Hmm. How many dossers in squats go on to have multi-million selling albums then? 50%? 10%? 1%? Or one in 1000?

Boy George's dad may have been wrong, but how many parents have been right in similar circumstances?

chris

I though it was obvious that I was using that as a concrete illustration of a more general principle - that youngsters who appear to be drifting are very often just finding out what they want to do. For example, my mum wasn't happy about me doing a masters degree, although it proved to be the route to a high-paying job.

Luis Enrique

That's true Chris, but isn't Jim right to ask what happens on average? In geek speak: the relationship between motivation, ignorance and outcomes is going to have a lot of variance and it does look a bit like you're telling a story that describes one part of the distribution.

Metatone

@Luis - but if you're going to be informationally complete then you need to factor in the costs of failure. Once that is done, the case for high motivation policies in banking (as an example) is clearly exploded.

Fred Kapoor

"...many of our most important goals are best achieved obliquely rather than directly..." Honestly, I don't think this is always the case.
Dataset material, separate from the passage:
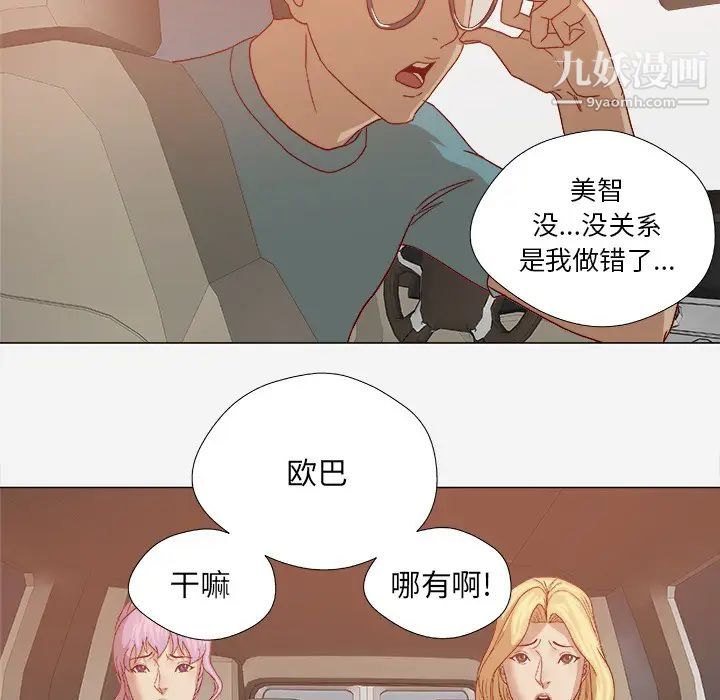 《王牌经纪人》漫画 第20话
It is true though, that sometimes, while we are completely focused on a single goal, we make a lot of mistakes due to anxiety and due to the other aspects, that are being neglected when we are focused on a single aspect. However, when it comes to business both focus and motivation are the key to achieve goals. Otherwise, we are talking about luck, and that is another subject.
Thanks for sharing this worth reading post.